Our customer is a California based engineering company known for designing innovative products.
Our customer had a Teeth whitening algorithm on a PC based system. They wanted to build an embedded product using that algorithm. Since they did not have any expertise on DSP optimization, they involved eInfochips to port their algorithm to a DSP based platform. Their optimization target was a whooping 50x speed increase in processing the images.
The customer’s teeth whitening algorithm took multiple images as input and then recognized the teeth from the image. Based on the whitening level selected by the user, it whitened the teeth and generated the output image which has whitened teeth. eInfochips was able to produce incredible results as we achieved this goal using only ‘C’ (no DSP assembly coding was used). This has helped to reduce the project cost by well over 50%.
Our customer is a California based engineering company known for designing innovative products. They are well known for their advanced solutions.
Their new product idea was a teeth whitening photo frame. The device was designed to take a photo of a user, and in almost-real-time show an updated photo in which the user’s teeth were whitened.
Team eInfochips executed the project using only ‘C’

As per project requirements the porting and optimization was divided into four stages:
1. C++ to C conversion (2 times improvement):
We converted C++ classes to their equivalent C structures. The methods within the C++ classes were converted to global functions. The C++ templates were degrading the performance and hence they were removed. Parameter passing in functions was minimized, resulting in stack size reduction from 48 KB to 3 KB. The program memory was also reduced from 139 KB to 70 KB.
2. Efficient use of DMA and memory (2 times improvement)
Processing of the images Pixel-by-pixel and getting stored in the external memory was time consuming. Instead the processing was done line by line and each line was moved to the internal memory for the processing, using DMA.
3. Logic optimizations (4 times improvement):
The algorithm was written for PC platform, so more emphasis was on flexibility. We broke the algorithm in smaller units based on their execution time and rewrote the time consuming functions in an optimized way. This was an iterative process, but helped in achieving considerable optimization.

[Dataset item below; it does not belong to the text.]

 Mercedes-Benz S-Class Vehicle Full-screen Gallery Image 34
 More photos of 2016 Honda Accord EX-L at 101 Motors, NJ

4. Floating-point to fixed-point operations (3 times improvement):
The floating-point operations are considerably slower than fixed-point ones and compiler cannot optimize “for/while” loops that contain floating-point operations. We replaced some of the division operations by shift operations. While converting from fixed-point to floating-point, we selected the appropriate fixed-point data types. The algorithm handled fixed-point decimal values to the power of 9
“eInfochips’ accomplishment was impressive. They overcame a series of significant engineering challenges to deliver on time and under budget. Their attention to detail, creative thinking and professional attitude was evident throughout the project.” said the Director of Software Development of customer company on successful completion of the project.